W silnikach z pompowtryskiwaczami (przed 2008 rokiem) standardem jest tzw. „osiadanie” (wersje 8-zaworowe) lub pękanie (odmiany z 16-zaworowe) głowic. W obu przypadkach winę ponoszą oszczędności materiałowe producenta. Przykre konsekwencje mają też - niestety liczne - usterki układu smarowania, którego niedomagania - przez większość czasu - przebiegają bezobjawowo. W mocniejszych wersjach z wałkami wyrównoważającymi dochodzi do wyrobienia krawędzi ośki napędzającej pompę oleju. W pozbawionych tego rozwiązania jednostkach standardem jest wyrobienie się łańcucha lub koła zębatego napędu pompy oleju. W każdym z przypadków efekt jest identyczny - nagły spadek ciśnienia smarowania i zatarcie. Ponieważ montaż nowych części niekoniecznie rozwiązuje problem, wiele warsztatów dokonuje modyfikacji jednostek 2,0 l TDI montując pompy oleju z wcześniejszych 1,9 TDI. W wielu przypadkach okazuje się to całkiem niezłym pomysłem.

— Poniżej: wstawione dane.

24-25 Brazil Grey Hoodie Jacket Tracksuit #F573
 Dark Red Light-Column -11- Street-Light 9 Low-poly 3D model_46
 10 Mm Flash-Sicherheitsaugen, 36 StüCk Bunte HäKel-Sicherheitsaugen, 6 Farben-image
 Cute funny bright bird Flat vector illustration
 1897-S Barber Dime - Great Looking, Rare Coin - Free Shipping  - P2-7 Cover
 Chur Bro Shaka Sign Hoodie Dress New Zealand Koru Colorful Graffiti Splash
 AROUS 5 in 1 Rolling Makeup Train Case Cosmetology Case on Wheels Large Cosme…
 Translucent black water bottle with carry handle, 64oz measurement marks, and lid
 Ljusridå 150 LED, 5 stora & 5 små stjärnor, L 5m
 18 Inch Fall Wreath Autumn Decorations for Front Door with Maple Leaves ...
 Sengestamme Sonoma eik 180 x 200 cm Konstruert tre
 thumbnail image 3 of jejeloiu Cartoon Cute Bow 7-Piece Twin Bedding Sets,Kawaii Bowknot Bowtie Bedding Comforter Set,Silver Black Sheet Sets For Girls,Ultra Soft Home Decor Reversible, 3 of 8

Produkowane po 2008 roku 2,0 l TDI z układem Common Rail uchodzą za zdecydowanie trwalsze i godne polecenia jednostki. W ich przypadku trudno mówić o usterkach innych, niż typowe dla nowoczesnych Diesli: uszkodzonych turbosprężarkach, wtryskiwaczach czy dwumasowych kołach zamachowych.
Najgorszymi doradcami przy zakupie samochodu używanego są emocje. Dlatego właśnie w opisach modeli kładziemy nacisk na te informacje, które mogą przydać się w podjęciu ostatecznej decyzji oraz przy oględzinach auta. Staramy się ująć w opisie najczęściej występujące usterki danego modelu, a także podpowiedzieć, na jakie „przygody” powinniśmy być przygotowani po zakupie. Oczywiście nie każdy musi zgadzać się z naszymi opiniami, jednak mają one swoje podstawy we wnikliwych analizach rynku. Pamiętajcie, że nasz opis w żadnym wypadku nie ma na celu bezkrytycznego wychwalania danego modelu. To raczej surowa, chłodna ocena konkretnego auta, zachęcająca do równie pesymistycznej kalkulacji kosztów. Zawsze trzeba mieć bowiem na uwadze to, że cena zakupu używanego pojazdu jest dopiero początkiem wydatków.